Last time we looked at Golaem Crowd, we liked many of the new features this Maya crowd simulator had implemented, despite it being a fairly strict taskmaster. Golaem 5 promises easy retakes and better artistic control. So does it deliver?
Used in crowd simulations ranging from Guitar Hero Live to many of the crowd scenes in HBO’s Game of Thrones, Golaem Crowd – a Maya crowd plug-in based on physical and mental crowd interaction pipelining into Maya’s particle flow tools – was recently released. It lets you create virtual, particle-based crowds able to react in, and to almost any environment. It’s a release based on user feedback, like requests for greater ease of use and enhancements enabling a better, faster workflow. It seems the Golaem team have delivered.

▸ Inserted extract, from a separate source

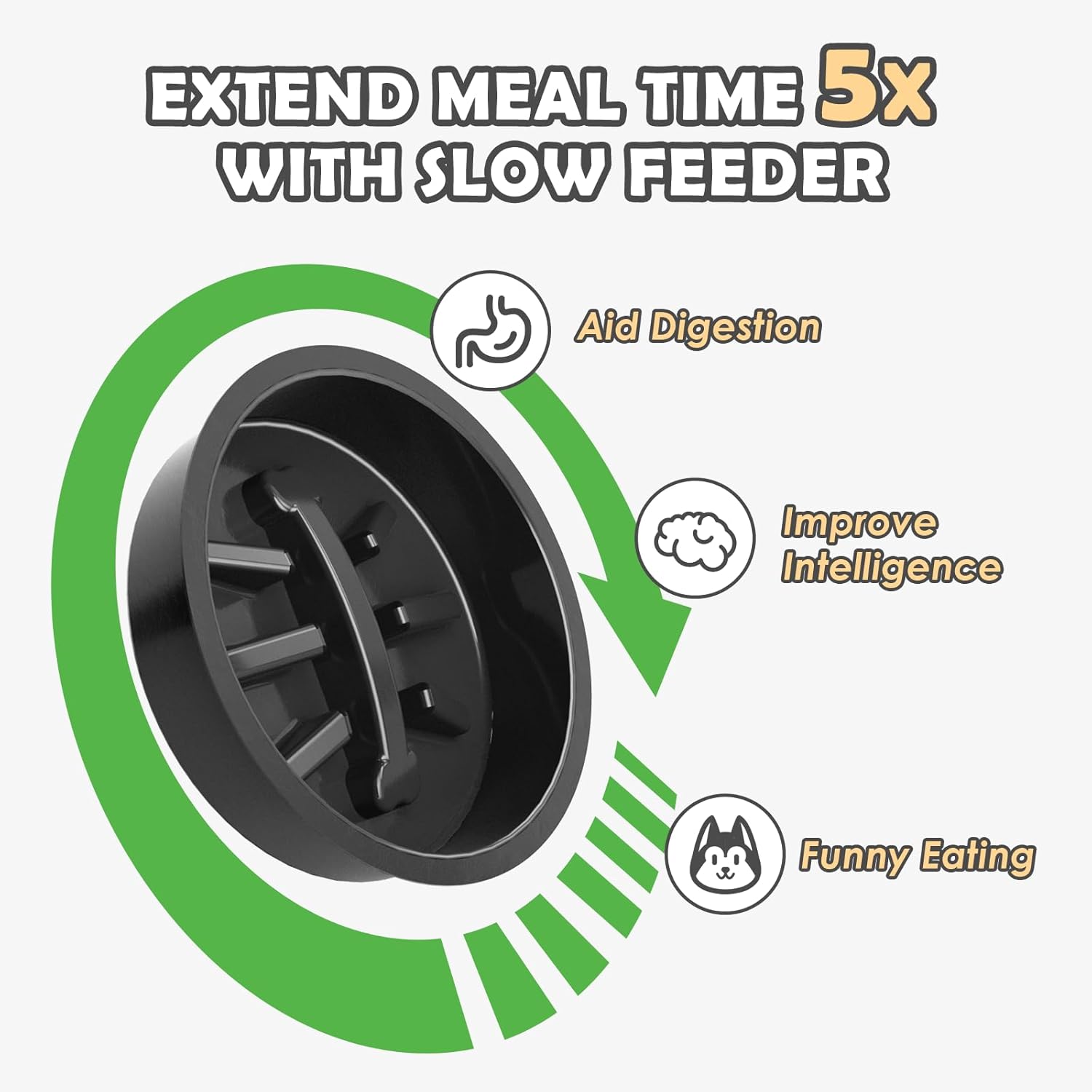 Elevated Dog Bowls with Slow Feeder and Spill Proof Mat, Adjustable Height 4.3-11.8'', Two 1.7L Stainless Steel Food & Water Bowls, Metal Raised Dog Bowl Stand, for Large Medium Breeds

The standout feature is the new Layout tool. Available bundled with, or as a stripped, previz version of Golaem itself, it can fit into non-Maya pipelines. GPU-based and utilising native, generic Maya components, such as move, translate, rotate, duplicate and layers; this tool allows you to edit a scene’s components after saving the simulation cache. This is very handy in smaller scenes or scene-segments which need no, or little AI, as it can shave hours off the tweak-resimulate-rinse-repeat work cycle. The tool saves you from rerunning an entire simulation for even minor tweaks on an outfit, pose or action, allowing you to manipulate, re-outfit, or retime animations or animation events post-simulation.
Building on last year’s implementation of Dynamic Triggers, the Trigger Editor’s enhancements mean a less finicky way to use sequencing triggers. This means it’s easier to separate and generate unique behaviour trees for instances in the crowd, by using your own, or preset components from the library for start and stop behaviours.
However, if you’re going to use the Trigger Editor extensively, it still helps knowing your way around (MEL)-scripting, especially if those behaviours are put into a set with assets using another new feature in Golaem 5: Blind Data.
Experienced users know Golaem previously only supported joint, blendshape and geometry cache animations. Blind Data allows you to extend this; you can now import items such as muscle or morph deformers. It does this by letting you register any animation, even custom nodes in a character and motion file into the exported cache. If you’ve set up parts of a mesh for skinning in order to fit into Golaem, you know what a timesaver this can be, despite its somewhat onerous process.
Golaem really delivers on its promise of easier retakes and better control. If you’re after a crowd simulator, it’s worth investing in.